Third, a fairly early priority should be to restore Syria’s capability to generate its own revenue. Prior to the conflict, Syria’s national revenues were over $10 billion a year, based on agriculture, industrial production and oil production. Once sanctions can be lifted, the sooner the revenue base can be rebuilt, the sooner Syria will be independent from foreign dependency, and secured of financing in a world where many donor contributors are under severe budgetary constraints. Revenue also provides an indicator of key industries being established, which themselves will help restore key services including food and fuel supply, and regenerate the jobs that will underwrite livelihoods.

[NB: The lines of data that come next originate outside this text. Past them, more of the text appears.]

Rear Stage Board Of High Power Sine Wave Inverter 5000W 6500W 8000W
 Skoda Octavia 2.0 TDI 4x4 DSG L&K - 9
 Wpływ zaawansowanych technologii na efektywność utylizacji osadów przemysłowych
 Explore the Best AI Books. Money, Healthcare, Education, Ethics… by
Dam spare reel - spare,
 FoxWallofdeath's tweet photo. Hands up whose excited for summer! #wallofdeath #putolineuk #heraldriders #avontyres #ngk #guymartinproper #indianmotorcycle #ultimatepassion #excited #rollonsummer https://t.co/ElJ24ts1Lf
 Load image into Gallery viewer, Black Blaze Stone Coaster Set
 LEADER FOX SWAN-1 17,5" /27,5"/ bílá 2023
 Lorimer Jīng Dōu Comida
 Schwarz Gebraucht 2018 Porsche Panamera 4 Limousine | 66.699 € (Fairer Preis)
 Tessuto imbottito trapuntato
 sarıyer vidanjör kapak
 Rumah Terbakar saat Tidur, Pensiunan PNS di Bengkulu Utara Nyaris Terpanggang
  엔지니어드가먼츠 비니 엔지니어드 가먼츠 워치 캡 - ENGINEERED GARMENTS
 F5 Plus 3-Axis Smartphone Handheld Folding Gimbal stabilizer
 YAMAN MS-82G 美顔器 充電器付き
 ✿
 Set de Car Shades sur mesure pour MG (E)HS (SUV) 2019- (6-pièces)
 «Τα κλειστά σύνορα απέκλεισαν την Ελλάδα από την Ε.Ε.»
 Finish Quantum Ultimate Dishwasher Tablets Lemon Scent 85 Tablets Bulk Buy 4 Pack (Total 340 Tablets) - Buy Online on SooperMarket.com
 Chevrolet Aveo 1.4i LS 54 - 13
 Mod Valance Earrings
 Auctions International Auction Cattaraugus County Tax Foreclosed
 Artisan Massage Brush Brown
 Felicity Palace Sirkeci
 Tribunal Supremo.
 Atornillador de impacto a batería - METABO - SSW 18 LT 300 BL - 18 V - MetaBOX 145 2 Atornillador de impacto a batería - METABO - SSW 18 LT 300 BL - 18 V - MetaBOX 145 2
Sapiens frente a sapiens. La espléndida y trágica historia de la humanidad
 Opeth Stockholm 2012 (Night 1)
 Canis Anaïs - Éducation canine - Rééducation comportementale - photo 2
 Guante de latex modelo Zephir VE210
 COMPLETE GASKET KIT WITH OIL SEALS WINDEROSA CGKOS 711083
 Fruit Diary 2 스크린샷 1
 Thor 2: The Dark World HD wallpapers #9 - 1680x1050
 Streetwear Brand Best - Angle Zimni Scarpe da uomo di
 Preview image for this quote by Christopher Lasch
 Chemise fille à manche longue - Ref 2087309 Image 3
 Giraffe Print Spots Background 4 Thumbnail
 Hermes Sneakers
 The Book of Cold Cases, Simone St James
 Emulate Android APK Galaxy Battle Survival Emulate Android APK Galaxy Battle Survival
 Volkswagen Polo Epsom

Fourth, many externally driven reconstruction processes operate on the basis of ‘needs assessments’ which tally the needs and gaps in the society. Understanding the extensive damage to the physical and social fabric is certainly essential. However, this needs to be balanced with an understanding of the ‘assets’ that are already in place within Syria. Unlike many other countries that have faced the need to rebuild after war, Syria has a highly educated population – with engineers, accountants, and managers in abundance. Therefore Syria will not require a heavy presence of foreigners to substitute for these skill sets. Similarly, Syrian communities have demonstrated substantial capability for self-management and governance, and are set to play a significant role in managing reconstruction and restoration of services across the country. The many individuals and groups in civil society that played and continue to play a role in articulating a future citizenship-based Syria have earned a space which will need to be carefully guarded.

Existing Syrian businesses have capability and new ones can be created, ensuring the opportunity for young men and women to have jobs and ownership stakes in the process of reconstruction. And most of all, Syrian citizens must be engaged and empowered in any process to participate actively as agents in the process of rebuilding their own society, since reconstruction processes that have treated the population as passive ‘beneficiaries’ of an effort managed by outsiders have often resulted in marginalization and even insurgency. Agriculture, manufacturing, construction and services will all play a key role in increasing both jobs and revenue.

Much attention is paid to the dollar figure on contributions of funding for reconstruction. While funding is necessary, this obscures that many of the real resources are already within the society – the human, physical, natural and social capital – and that the way to capitalize or release these resources for the benefit of the citizenry are through the design of rules and organizations to manage these assets. 

Fifth, discussion needs to focus on the conditions for a legitimate economy. During war, provisioning networks create opportunities for transactions outside the rule of law that can set the basis for the criminalization of the economy. Careful attention needs to be paid to the extent to which the economy has become criminalized or informal, and how to reopen the space for legitimate business.

Finally, like the state, the market is just a mechanism, blind to winners and losers. Public policy will have a significant role to play in whether the economy becomes more inclusive of the citizenry at large and certain groups in particular, to mitigate historical patterns of exclusion and prevent new patterns of exclusion emerging through the right rules of the game. The way policies are set and resources are allocated will play a significant role in whether trust can be established, or whether grievances fester. Attention to ensuring a livable wage and work with dignity for the citizenry should be a critical priority.

It may seem out of place to talk about economics while the conflict is still raging, yet the longer the conflict goes on the more important it becomes to address economics as one of the means out of that conflict.  The young men who have taken up arms on either side of the conflict will have no incentive to lay them down again, even when the initial peace comes, if there is no other work for them to do. It was lack of economic opportunity, after all, that was a major underlying driver of the Arab Spring uprisings in the first place. If the next Syrian government does not resolve the economic opportunity conundrum, it may be short-lived indeed.